B.C.’s Bill 11 improves housing safety, but raises risks for tenants

British Columbia is no stranger to housing policy controversy.

In 2024, the provincial government amended its residential tenancy regulations to better define supportive housing as non-profit permanent housing paired with support for people who have experienced homelessness or are at risk of homelessness to live independently. Those changes also gave operators new tools, including the ability to manage guests and conduct wellness checks.

The changes were well intentioned, but the process drew criticism from advocacy organizations which felt that tenant rights were eroded by the changes.

Two years later, the province has returned with Bill 11, which includes more expansive proposed amendments to the province’s Residential Tenancy Act. The bill, which is in first reading, amends the act to even more explicitly define supportive housing and the rules governing it.

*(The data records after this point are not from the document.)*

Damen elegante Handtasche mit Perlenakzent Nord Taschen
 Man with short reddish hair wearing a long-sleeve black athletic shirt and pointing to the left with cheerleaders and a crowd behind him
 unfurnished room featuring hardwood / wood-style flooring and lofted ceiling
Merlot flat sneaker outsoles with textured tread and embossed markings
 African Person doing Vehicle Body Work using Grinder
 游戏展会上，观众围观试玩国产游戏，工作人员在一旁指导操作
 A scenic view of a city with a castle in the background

This time, the government did consult widely. But having listened more carefully, did it hear the right things? More importantly, did it respond with the right policies?

The answer is no. The bill contains provisions that could significantly hurt many vulnerable people. The province should go back to the drawing board on its most punitive provisions and build in proportionality tools that tenants, providers and adjudicators need to navigate these issues with fairness and humanity.

What Bill 11 proposes

Bill 11 introduces several significant changes.

It creates new grounds for supportive housing operators to end a tenancy if a tenant or anyone they permit on the property is found in possession of a weapon or if a weapon is observed in plain view during a “lawful entry,” such as a person responding to a maintenance request.

It also expands the grounds for eviction due to misconduct. Previously, evictions on these grounds were limited to conduct affecting the landlord and other tenants. Bill 11 extends protections to any “authorized person” on the premises – a broad category that includes contractors, health-care workers, guests and others.

As well, Bill 11 grants supportive housing operators the ability to temporarily restrict tenant access to part or all of a property in critical situations and enables them to apply for a temporary order to limit tenant access to other parts of the building, without requiring that the tenant be notified of the application. This is consistent with emergency orders elsewhere that give landlords tools to quickly respond to urgent situations.

The bill also attempts to clarify where and how the act applies to supportive housing by distinguishing it from transitional housing, which is exempt from the Residential Tenancy Act and which has a defined end date (i.e., is........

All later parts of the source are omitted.